4. Il ressort des pièces du dossier que Mme C a déposé le 14 mai 2019 une clause de transfert de droits à paiement de base conclue avec la SCEA Saint-François au titre de la campagne 2019. Pour refuser de valider cette clause, le préfet de Meurthe-et-Moselle s'est fondé sur le motif tiré de l'impossibilité d'établir la réalité du transfert foncier sur les parcelles faisant l'objet du transfert de droits à paiement de base.

5. D'une part, il est constant, ainsi que le préfet le relève dans sa décision, que la requérante n'a pas joint à sa demande l'ancienne convention de mise à disposition des parcelles concernées au cédant, mais s'est bornée à produire deux contrats de prêt à usage signés en 2017 dont elle était elle-même bénéficiaire. Si l'intéressée soutient qu'il lui était impossible de produire cette convention dès lors que celle-ci n'a pas pris la forme d'un écrit, il lui appartenait, dans ces conditions, d'établir par tous moyens la réalité du transfert foncier justifiant le transfert de droits à paiement de base. S'il ressort des pièces du dossier que Mme C a transmis au préfet, à l'appui de son recours gracieux en date du 23 janvier 2020, une sommation interpellative et un compte rendu d'avis donnés, ces pièces, qui ont été produites postérieurement à la date limite de dépôt prévue par les dispositions précitées au point 3, ne pouvaient être prises en compte pour l'examen de la décision contestée et sont, par suite, sans incidence sur la légalité de la décision attaquée.

6. D'autre part, dès lors que la comparaison des registres parcellaires graphiques ne constitue pas un justificatif de transfert foncier recevable à l'appui d'un transfert de droits à paiement de base, la requérante ne peut utilement soutenir que la comparaison du parcellaire sur lequel la SCEA Saint-François a demandé ses droits à paiement de base au titre des campagnes 2018 et 2019 établissait la réalité du transfert foncier.

7. Enfin, la circonstance que la SCEA Saint-François ait refusé de régulariser le formulaire transmis à la direction départementale des territoires de Meurthe-et-Moselle est sans incidence sur la légalité de la décision en litige, qui n'est pas fondée sur ce motif.

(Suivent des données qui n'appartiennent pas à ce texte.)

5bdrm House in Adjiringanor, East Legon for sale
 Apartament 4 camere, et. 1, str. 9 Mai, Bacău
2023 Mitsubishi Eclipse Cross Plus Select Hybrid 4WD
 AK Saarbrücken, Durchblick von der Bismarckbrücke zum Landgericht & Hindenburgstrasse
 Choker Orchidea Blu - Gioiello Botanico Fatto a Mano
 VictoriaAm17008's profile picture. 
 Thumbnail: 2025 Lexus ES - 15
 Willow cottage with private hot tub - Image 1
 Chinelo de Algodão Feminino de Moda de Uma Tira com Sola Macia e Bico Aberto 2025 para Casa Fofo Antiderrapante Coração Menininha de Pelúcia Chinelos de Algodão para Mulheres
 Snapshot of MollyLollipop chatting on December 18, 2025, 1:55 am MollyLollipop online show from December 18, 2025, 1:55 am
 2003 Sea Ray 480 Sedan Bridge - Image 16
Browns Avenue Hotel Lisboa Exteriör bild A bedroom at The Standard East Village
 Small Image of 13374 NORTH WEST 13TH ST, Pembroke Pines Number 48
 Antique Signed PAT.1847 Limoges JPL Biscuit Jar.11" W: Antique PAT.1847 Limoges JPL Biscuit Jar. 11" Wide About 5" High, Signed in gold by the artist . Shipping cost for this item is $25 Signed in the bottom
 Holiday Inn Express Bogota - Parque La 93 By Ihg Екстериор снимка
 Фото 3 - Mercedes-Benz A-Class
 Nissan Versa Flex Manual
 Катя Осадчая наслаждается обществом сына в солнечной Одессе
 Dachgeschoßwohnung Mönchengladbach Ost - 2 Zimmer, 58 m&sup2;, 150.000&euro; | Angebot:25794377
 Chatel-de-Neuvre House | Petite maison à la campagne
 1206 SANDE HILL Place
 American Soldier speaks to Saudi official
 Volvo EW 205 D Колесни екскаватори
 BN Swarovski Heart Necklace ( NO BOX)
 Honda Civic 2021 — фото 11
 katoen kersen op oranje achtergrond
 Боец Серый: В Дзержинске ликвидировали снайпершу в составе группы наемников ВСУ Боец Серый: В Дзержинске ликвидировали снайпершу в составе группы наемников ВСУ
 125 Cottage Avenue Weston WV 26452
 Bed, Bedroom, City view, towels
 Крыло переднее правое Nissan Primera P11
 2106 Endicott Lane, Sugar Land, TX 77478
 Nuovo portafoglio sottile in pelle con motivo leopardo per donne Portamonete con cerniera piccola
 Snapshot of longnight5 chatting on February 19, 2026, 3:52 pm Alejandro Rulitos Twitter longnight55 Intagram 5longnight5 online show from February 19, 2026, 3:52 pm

8. Il suit de là que Mme C n'est pas fondée à soutenir que le préfet de Meurthe-et-Moselle aurait entaché sa décision du 26 novembre 2019 d'une erreur de droit ou d'une erreur d'appréciation en refusant de valider sa clause de transfert de droits à paiement de base.

9. Il résulte de tout ce qui précède, sans qu'il soit besoin d'examiner la demande de substitution de motif présentée par le préfet, que les conclusions à fin d'annulation présentées par Mme C doivent être rejetées. Par voie de conséquence, ses conclusions présentées sur le fondement de l'article L. 761-1 du code de justice administrative doivent également être rejetées.

D E C I D E :

Article 1er : la requête de Mme C est rejetée.

Article 2 : Le présent jugement sera notifié à Mme A C et au ministre de l'agriculture et de la souveraineté alimentaire.

Copie en sera adressée, pour information, au préfet de Meurthe et Moselle.

Délibéré après l'audience publique du 22 novembre 2022 à laquelle siégeaient :

M. Coudert, président,

Mme Grandjean, première conseillère,

M. Gottlieb, premier conseiller.

Rendu public par mise à disposition au greffe le 13 décembre 2022.

Le président-rapporteur,

B. BL'assesseure la plus ancienne,

G. Grandjean

La greffière,

I. Varlet

La République mande et ordonne au ministre de l'agriculture et de la souveraineté alimentaire en ce qui le concerne ou à tous commissaires de justice à ce requis en ce qui concerne les voies de droit commun, contre les parties privées, de pourvoir à l'exécution de la présente décision.